The federal 30% residential solar tax credit (Section 25D, often called the ITC) ended for homeowner-purchased systems placed in service after December 31, 2025, under the One Big Beautiful Bill Act signed in July 2025. If you're looking at solar in 2026, the headline math has changed — but New Mexico's state-level incentive stack is unchanged, and combined with rising PNM rates, solar still pencils out for many NM homeowners.
Here's a current breakdown of what's actually available to NM homeowners in 2026.
What changed
| Incentive | 2025 status | 2026 status |
|---|---|---|
| Federal 30% Residential Clean Energy Credit (§25D) | 30% of system cost, no cap | Ended for owned systems placed in service after Dec 31, 2025 |
| Federal commercial credit (§48E, third-party owners) | 30% to system owner | Still available through 2027-28; passed through in lease/PPA pricing |
| NM Solar Market Development Tax Credit | 10% up to $6,000, refundable | Unchanged |
| NM property tax exemption on solar | 100% exempt | Unchanged |
| NM gross receipts tax exemption on equipment | ~7.5% savings | Unchanged |
| PNM 1:1 net metering | Full retail credit | Unchanged (current PRC framework) |
The federal change is the big one. Everything below is still good news.
The NM state credit — still your biggest single incentive
The Solar Market Development Tax Credit (SMDTC) is now the largest single incentive available to NM homeowners who purchase their system.
- 10% of total system cost, capped at $6,000
- Refundable — you receive the full amount even if your NM state tax liability is smaller
- EMNRD certified — you submit a certificate application after install
- First-come, first-served within annual funding allocations
- No scheduled sunset as of this writing
We handle the EMNRD paperwork for every customer.
Property tax exemption — silent compounding value
When solar adds value to your home, that added value is exempt from NM property tax assessment. The exemption is permanent and automatic — no application, no annual renewal.
On a $25,000 system in Bernalillo County, this works out to roughly $250–$350 per year in property taxes you don't pay, every year, for the life of the system.
Gross receipts tax exemption — point-of-sale savings
Solar equipment (panels, inverters, racking) is exempt from NM gross receipts tax. On a $25,000 system with around $20,000 in equipment, the exemption saves roughly $1,500 at the time of install.
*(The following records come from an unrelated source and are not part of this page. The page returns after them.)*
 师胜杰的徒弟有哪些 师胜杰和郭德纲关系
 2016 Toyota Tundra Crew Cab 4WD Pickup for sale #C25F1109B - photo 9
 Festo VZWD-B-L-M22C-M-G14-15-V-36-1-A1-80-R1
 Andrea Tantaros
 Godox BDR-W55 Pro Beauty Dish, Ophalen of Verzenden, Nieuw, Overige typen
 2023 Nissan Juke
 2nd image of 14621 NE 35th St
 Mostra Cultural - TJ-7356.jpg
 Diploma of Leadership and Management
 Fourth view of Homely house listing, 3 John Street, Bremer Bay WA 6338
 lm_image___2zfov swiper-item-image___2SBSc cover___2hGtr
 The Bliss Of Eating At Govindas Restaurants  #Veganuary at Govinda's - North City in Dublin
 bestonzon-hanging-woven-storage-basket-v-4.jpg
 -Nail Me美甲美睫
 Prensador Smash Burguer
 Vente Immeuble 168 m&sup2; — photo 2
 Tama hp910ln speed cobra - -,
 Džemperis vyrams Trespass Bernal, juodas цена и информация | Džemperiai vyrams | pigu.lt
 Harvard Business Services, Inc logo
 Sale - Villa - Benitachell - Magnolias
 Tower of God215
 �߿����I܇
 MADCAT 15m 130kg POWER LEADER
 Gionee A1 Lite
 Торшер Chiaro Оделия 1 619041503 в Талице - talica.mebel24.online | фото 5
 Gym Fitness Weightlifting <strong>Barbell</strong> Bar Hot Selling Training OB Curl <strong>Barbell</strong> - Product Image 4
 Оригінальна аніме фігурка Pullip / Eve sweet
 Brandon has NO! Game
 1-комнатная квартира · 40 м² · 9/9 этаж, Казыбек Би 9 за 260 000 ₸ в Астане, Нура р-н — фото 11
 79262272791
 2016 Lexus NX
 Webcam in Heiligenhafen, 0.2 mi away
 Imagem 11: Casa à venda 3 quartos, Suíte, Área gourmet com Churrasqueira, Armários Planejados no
Your installer applies it automatically.
PNM 1:1 net metering — the long-term arithmetic
PNM credits you at the full retail rate for every kilowatt-hour your system exports to the grid. Sunny spring and summer months pile up credits; winter months draw them down. Many NM solar households end up paying close to PNM's minimum service charge most months.
Net metering policy is set by the NM Public Regulation Commission (PRC). Today's framework is 1:1 retail-rate. If the policy changes in the future, existing customers are typically grandfathered under the rules at the time of interconnection.
The lease and PPA pathway — how federal incentives can still flow through
The federal credit didn't disappear entirely — it shifted. The commercial credit (Section 48E) is still available to third-party owners of solar systems, which means solar leases and PPAs can still capture federal incentive value. Reputable installers pass that value through to the homeowner in lower monthly payments or cents-per-kWh pricing.
Some practical context:
- A solar lease is a predictable monthly payment for use of the system. The leasing company owns the equipment and claims the commercial credit.
- A PPA (power purchase agreement) is similar in structure, but you pay per kWh of solar energy produced — closer to a "utility you control" model.
- Cash and loan purchases maximize total lifetime return but no longer benefit from the federal credit. The NM state credit, property tax exemption, and net metering still apply.
Which structure is right depends on your tax situation, how long you plan to stay in the home, and your appetite for upfront cost vs. monthly payment. Epex offers all four structures (cash, loan, lease, PPA) and will walk through the trade-offs on a free consultation — no pressure to pick one path.
Example: a $25,000 system bought outright in 2026
| Item | Amount |
|---|---|
| System cost | $25,000 |
| NM Solar Market Development Tax Credit (10%, refundable) | −$2,500 |
| Gross receipts tax exemption on ~$20,000 equipment (~7.5%) | −$1,500 |
| Net upfront cost | ~$21,000 |
| Annual electric bill savings (typical Albuquerque home) | ~$2,000 |
| Annual property tax savings (no added assessment) | ~$300 |
| Combined annual benefit | ~$2,300/yr |
That's a payback period in the 9-year range at typical Albuquerque rates. Pre-OBBB math with the 30% federal credit got you closer to 5.7 years. The same system through a lease or PPA may pencil differently depending on how the third-party owner prices in their Section 48E credit — that's the conversation worth having with your installer.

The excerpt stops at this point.